[En-Nut-Discussion] about tcp stack 2.4 an later

Harald Kipp harald.kipp at egnite.de
Sun Oct 20 17:27:31 CEST 2002


>
>    Yes, NutEventWait would not timeout. When transmit about 250Kbyte/s,
>it would receive about 33 packets (1.5Kbyte per packet) in 200ms. In other
>word it if one of the sockets's transmiting speed is faster than 7.5KByte/s,
>NutEventWait would not timeout !

You forgot the application side. If large packets
are received, the TCP window would become full soon
and the remote stops sending more packets.

But you are right, if we consider 1 byte data
packets, it might block other connections.

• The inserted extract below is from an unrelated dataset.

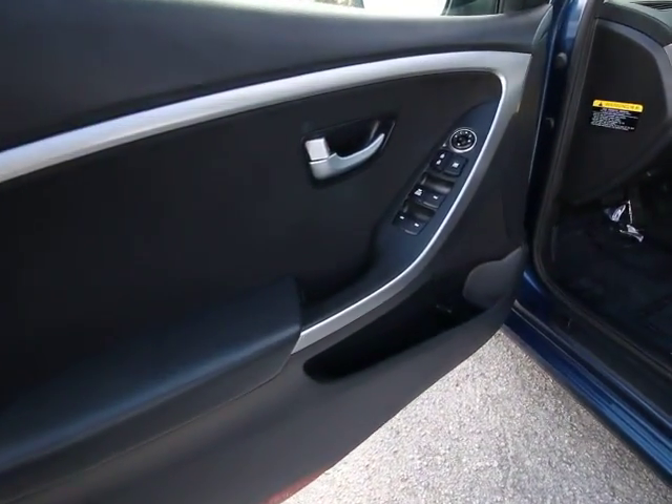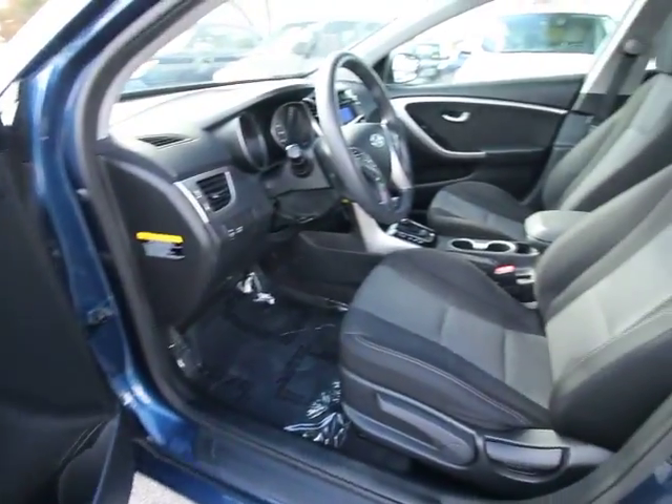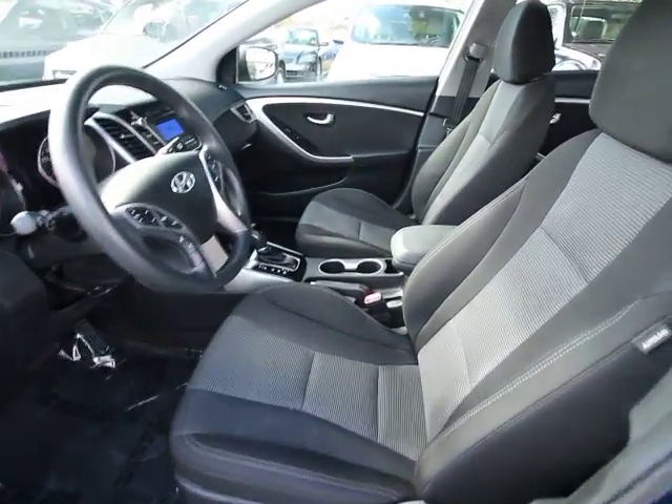Trip computer, brake assist, panic alarm, overhead console, tachometer, remote keyless entry, tilt steering wheel, front bucket seats, cloth seats.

> > Regarding your second example: ARP timeouts won't
> > hurt because of the decoupling mentioned above.
> > Receiving and transmitting is completely asynchronous.
> > The TCP packet without ARP entry is buffered,
> > an ARP request is sent out and the transmit returns,
> > ready to handle new incoming packets. When later
> > on the ARP response is received, the buffered
> > TCP packet will be sent.
>    Maybe I have not understand you

Yes, difficult if two people try to discuss a complicated
topic in a language they both don't know really. :-)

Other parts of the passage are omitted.